The pCDNA3.1 or pCDNA3.1-HBV1.3 plasmids were injected into SD rats to construct animal models of acute hepatitis B infection. In the pCDNA3.1-HBV1.3 group, the concentrations of HBeAg, HBsAg, and HBV DNA in the serum increased from day 1 to day 4 after transfection, and reached the peak of expression at day 4. Then, the levels of HBeAg, HBsAg, and HBV DNA decreased from day 4 to day 10, and were hardly detected at day 10. Compared with the pCDNA3.1-HBV1.3 group, the concentrations of HBeAg, HBsAg, and HBV DNA were obviously depressed by HF at every indicated time in the pCDNA3.1-HBV1.3+HF group (Figure 1AC). Our results indicated that HF alleviated pathologic features in HBV-infected SD rats.

Figure 1 The expression of HBeAg, HBsAg, and HBV DNA in the serum of transfected rats. Rats were transfected with pCDNA3.1-HBV1.3 or pCDNA3.1, respectively. (AC) The expression of HBeAg, HBsAg, and HBV DNA at different time points was detected through serological quantitation.
Abbreviations: HBV, hepatitis virus B; HF, halofuginone; HBeAg, hepatitis B e-antigen; HBsAg, hepatitis B surface antigen.

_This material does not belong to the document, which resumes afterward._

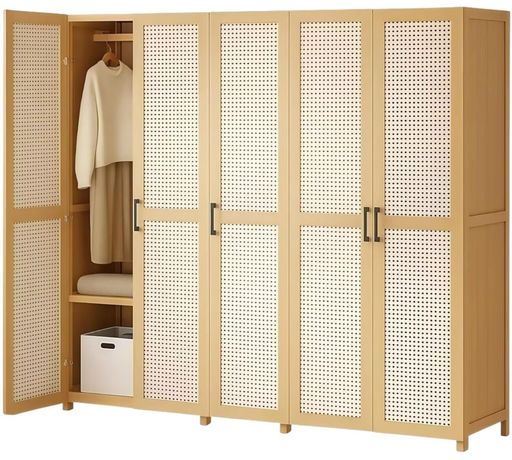 TUIYIDUOワードローブ扉付きクローゼット幅150cmハンガーラック天然竹製通気性大容量洋服タンス棚付き..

HF protects SD rats from acute hepatitis B by balancing Th17 cells responses

Th17 cells are one of the subtypes of CD4+ Th cells which secret IL-17 cytokine. In our present study, the ratios of Th17 cells in peripheral blood of rats in different groups were analyzed by flow cytometry. Our results indicated that the ratio of CD4+IL-17+ cells in rats of the pCDNA3.1-HBV1.3 group was significantly higher compared with the pCDNA3.1 control group. However, HF remarkably reduced the high ratio of CD4+IL-17+ cells caused by acute HBV infection in the pCDNA3.1-HBV1.3+HF group (***P<0.001, ##P<0.01; Figure 2A and B). The protein level of IL-17 was higher in pCDNA3.1-HBV1.3 group than the pCDNA3.1 group at every indicated time by Western blot analysis. HF also reduced the expression level of IL-17 in the pCDNA3.1-HBV1.3+HF group compared with pCDNA3.1-HBV1.3 group. The expression of IL-17 increased from day 1 to day 4 and decreased from day 4 to day 10 postinjection in both pCDNA3.1-HBV1.3 and pCDNA3.1-HBV1.3+HF groups (*P<0.05, **P<0.01, ***P<0.001, #P<0.05, ##P<0.01; Figure 2C and D).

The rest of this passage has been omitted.